Dopo 42 giorni di trattative, all’ultimo minuto rispetto alla deadline per formare il nuovo governo, Beniamin Netanyahu ha formato il nuovo governo. Determinante l’accordo siglato “Bayt Hayehudi” di Naftali Bennett raggiungendo i 61 seggi necessari per avere la maggioranza alla Knesset. Della nuova coalizione fanno parte anche i partiti “Kulanu” di Moshe Kahlon – nuovo ministro delle Finanze – e i religiosi “Shas” e “Unione per il Giudaismo nella Torà”.
Dopo aver vinto a sorpresa le elezioni politiche anticipate ottenendo 30 seggi per il suo Likud, Netanyahu ha faticato più del previsto per formare la maggioranza a causa dell’inattesa decisione dell’alleato Avigdor Lieberman – leader di “Israel Beitenu” e ministro degli Esteri uscente – di restare all’opposizione, lamentando “eccessivi cedimenti nei confronti dei partiti religiosi”.

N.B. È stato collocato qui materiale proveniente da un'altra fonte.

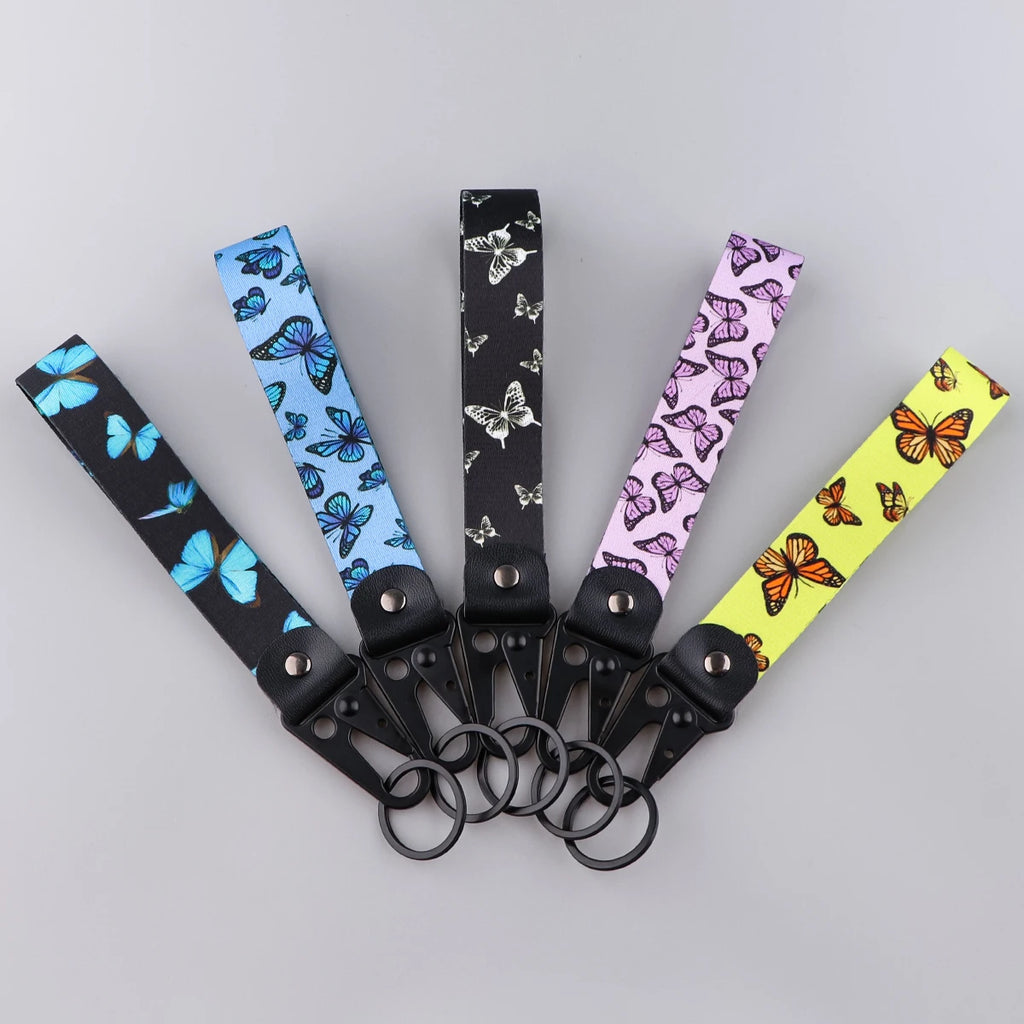 Butterfly Print Wrist Lanyard Keychain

Nelle scorse settimane Netanyahu ha cercato anche un’intesa con il centrosinistra di Isaac Herzog per una possibile unità nazionale ma le trattative sarebbero fallite – secondo indiscrezioni – per il veto posto dal Likud sull’entrata nel governo di Tzipi Livni, l’ex ministro della Giustizia co-leader del centrosinistra. Non si può tuttavia escludere che nelle prossime settimane il Likud tenti di riprendere le trattative con Lieberman ed anche con Herzog per allargare una coalizione che, con appena 1 seggio di maggioranza, inizia in salita il mandato di governo.
La maggioranza del governo alla Knesset è dunque molto risicata: un solo seggio.
Governo di ultrà?
E intanto c’è chi parla di governo “di ultrà”. Come spiega all’Huffington Post Avishai Margalit, docente all’Università ebraica di Gerusalemme, tra i più apprezzati analisti politici israeliani: “Quello che sta venendo alla luce è il governo più di destra nella storia dell’Israele contemporaneo”. Un governo, dice il giornale online, “di alleati ma non di “amici”. Perché c’è davvero poco di “amichevole” nel braccio di ferro imbastito da Netanyahu e Bennett, con quest’ultimo che vincolava il sì di Habayit Hayehudi all’assegnazione, naturalmente a lui, del cruciale ministero della Giustizia, una poltrona che “Bibi” pensava di affidare ad un suo uomo di vicino”.
“Quello che sta nascendo in Israele è un governo che non lascia spazio alla speranza di una ripresa del negoziato – dice Saeb Erekat, storico capo negoziatore dell’Autorità nazionale palestinese, raggiunto telefonicamente dall’Huffington Post nel suo ufficio a Gerico -. Netanyahu e i suoi alleati continueranno a perseguire una politica di colonizzazione, di pulizia etnica a Gerusalemme Est, di embargo totale a Gaza”. “Per quanto ci riguarda – aggiunge Erekat – continueremo a batterci in ogni sede e organismo internazionali, a cominciare dalla Corte di Giustizia dell’Aia, perché vengano inquisiti quei governanti israeliani che si sono macchiati di crimini di guerra contro la popolazione civile di Gaza”.
A portare ancora maggiore tensione a un quadro già di per sè alquanto movimentato è la nomina a Ministro della Giustizia della giovane Ayelet Shaked, sostenuta da Naftali Bennett, descritta dal Corriere della Sera come “Giovane e di ultradestra, volto laico dei coloni”. “La sinistra israeliana è preoccupata che da ministra della Giustizia rafforzi la sua battaglia contro le associazioni israeliane per i diritti umani e faccia passare la legge che ne limita i finanziamenti dall’estero – scrive il Corsera -. Per Shaked sono dei nemici in casa sponsorizzati dai liberal di tutto il mondo”.